個人情報保護法においては、個人情報の定義規定がおかれています。

この法律において「個人情報」とは、生存する個人に関する情報であって、次の各号のいずれかに該当するものをいう。
一 当該情報に含まれる氏名、生年月日その他の記述等(文書、図画若しくは電磁的記録(電磁的方式(電子的方式、磁気的方式その他人の知覚によっては認識することができない方式をいう。次項第二号において同じ。)で作られる記録をいう。第十八条第二項において同じ。)に記載され、若しくは記録され、又は音声、動作その他の方法を用いて表された一切の事項(個人識別符号を除く。)をいう。以下同じ。)により特定の個人を識別することができるもの(他の情報と容易に照合することができ、それにより特定の個人を識別することができることとなるものを含む。)
二 個人識別符号が含まれるもの

個人情報の保護に関する法律2条1項

平成31年 3月18日最高裁第一小法廷判決・集民 261号195頁

(1) 法は,個人情報の利用が著しく拡大していることに鑑み,個人情報の適正な取扱いに関し,個人情報取扱事業者の遵守すべき義務等を定めること等により,個人情報の有用性に配慮しつつ,個人の権利利益を保護することを目的とするものである。法が,保有個人データの開示,訂正及び利用停止等を個人情報取扱事業者に対して請求することができる旨を定めているのも,個人情報取扱事業者による個人情報の適正な取扱いを確保し,上記目的を達成しようとした趣旨と解される。

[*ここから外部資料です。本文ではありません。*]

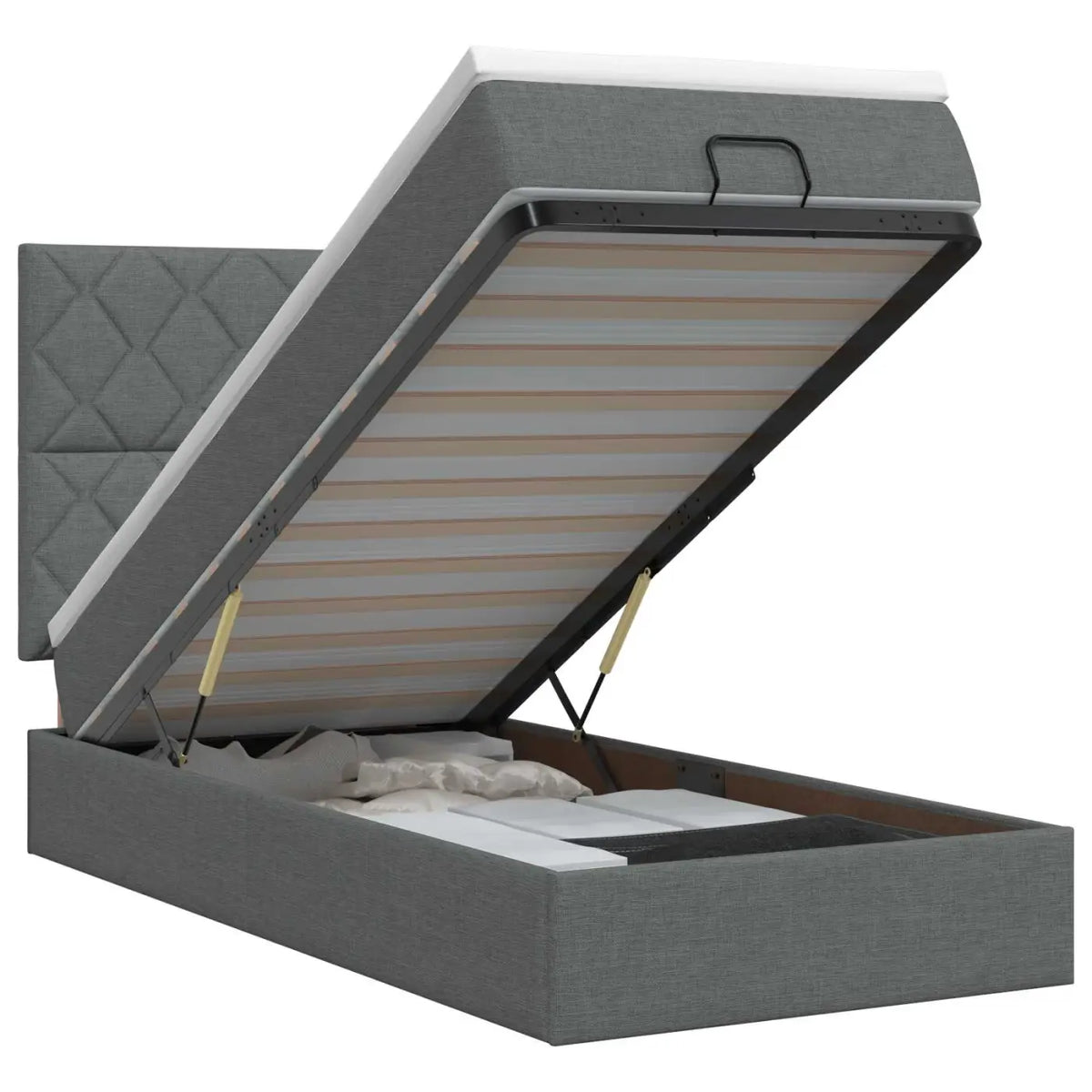 Lit ottoman avec matelas Gris foncé 100 x 200 cm Tissu - XIOS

このような法の趣旨目的に照らせば,ある情報が特定の個人に関するものとして法2条1項にいう「個人に関する情報」に当たるか否かは,当該情報の内容と当該個人との関係を個別に検討して判断すべきものである。  したがって,相続財産についての情報が被相続人に関するものとしてその生前に法2条1項にいう「個人に関する情報」に当たるものであったとしても,そのことから直ちに,当該情報が当該相続財産を取得した相続人等に関するものとして上記「個人に関する情報」に当たるということはできない。   

(2) 本件印鑑届書にある銀行印の印影は,亡母が上告人との銀行取引において使用するものとして届け出られたものであって,被上告人が亡母の相続人等として本件預金口座に係る預金契約上の地位を取得したからといって,上記印影は,被上告人と上告人との銀行取引において使用されることとなるものではない。また,本件印鑑届書にあるその余の記載も,被上告人と上告人との銀行取引に関するものとはいえない。その他,本件印鑑届書の情報の内容が被上告人に関するものであるというべき事情はうかがわれないから,上記情報が被上告人に関するものとして法2条1項にいう「個人に関する情報」に当たるということはできない。

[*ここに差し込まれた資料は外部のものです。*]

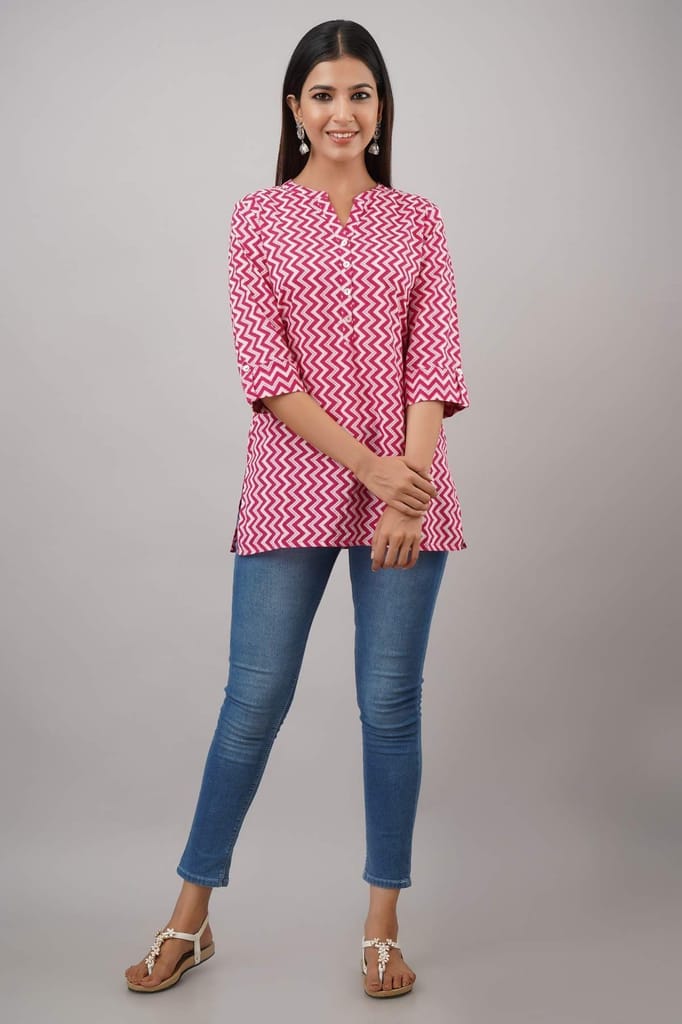 JAIPURETHNICWEAVES Women's Cotton Cambric Block Print Straight Tunic (Pink)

平成31年 3月18日最高裁第一小法廷判決・集民 261号195頁

このように個人情報とは、大枠として、「個人に関する情報」であり、その情報のなかに、特定個人を識別し得る記述等が含まれている情報群を言います。

このように、個人を識別するに足る情報が含まれた情報群は、個人情報保護法にいう個人情報に該当することになるため、個人を識別するにたりない情報であっても、識別するに足る情報と同時に存在する個人に関する情報は、個人情報に含まれることになる点に注意が必要となります。

個人情報データベース等

個人情報に該当する情報を体系的に構成したもので、電子計算機を用いて検索できるようにするか、その他の手法(一定の規則に基づく整理がされその他検索を容易にするためのものを有する方法)を用いて容易に検索できるものを、個人情報データベースと言います。

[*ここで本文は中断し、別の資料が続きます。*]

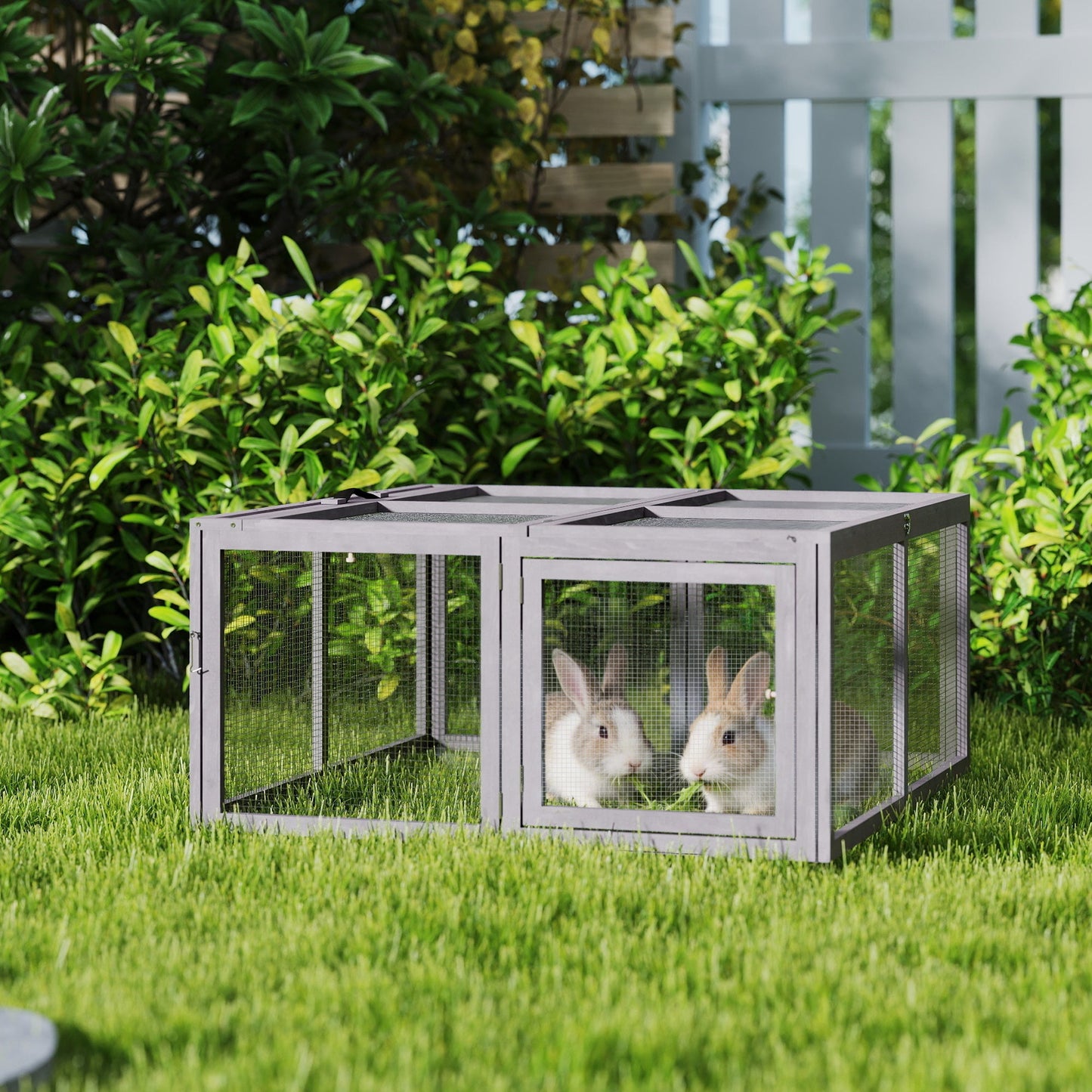Rabbit Hutch Outdoor, Foldable Guinea Pig House, Portable Rabbit Run, Chicken Cage, Duck Coop with Openable Top, for 3 Bunnies, Ducks, Chickens, 110 x 105 x 50 cm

この法律において「個人情報データベース等」とは、個人情報を含む情報の集合物であって、次に掲げるもの(利用方法からみて個人の権利利益を害するおそれが少ないものとして政令で定めるものを除く。)をいう

一 特定の個人情報を電子計算機を用いて検索することができるように体系的に構成したもの

二 前号に掲げるもののほか、特定の個人情報を容易に検索することができるように体系的に構成したものとして政令で定めるもの

個人情報の保護に関する法律第2条4項


1 法第二条第四項の利用方法からみて個人の権利利益を害するおそれが少ないものとして政令で定めるものは、次の各号のいずれにも該当するものとする。


一 不特定かつ多数の者に販売することを目的として発行されたものであって、かつ、その発行が法又は法に基づく命令の規定に違反して行われたものでないこと。


二 不特定かつ多数の者により随時に購入することができ、又はできたものであること。


三 生存する個人に関する他の情報を加えることなくその本来の用途に供しているものであること。


2 法第二条第四項第二号の政令で定めるものは、これに含まれる個人情報を一定の規則に従って整理することにより特定の個人情報を容易に検索することができるように体系的に構成した情報の集合物であって、目次、索引その他検索を容易にするためのものを有するものをいう。

個人情報の保護に関する法律施行令第3条(個人情報データベース等)

個人データ

個人情報データベースを構成する個々の個人情報は、個人情報保護法上、「個人情報」であるとともに、「個人データ」にも該当することになります。

この法律において「個人データ」とは、個人情報データベース等を構成する個人情報をいう。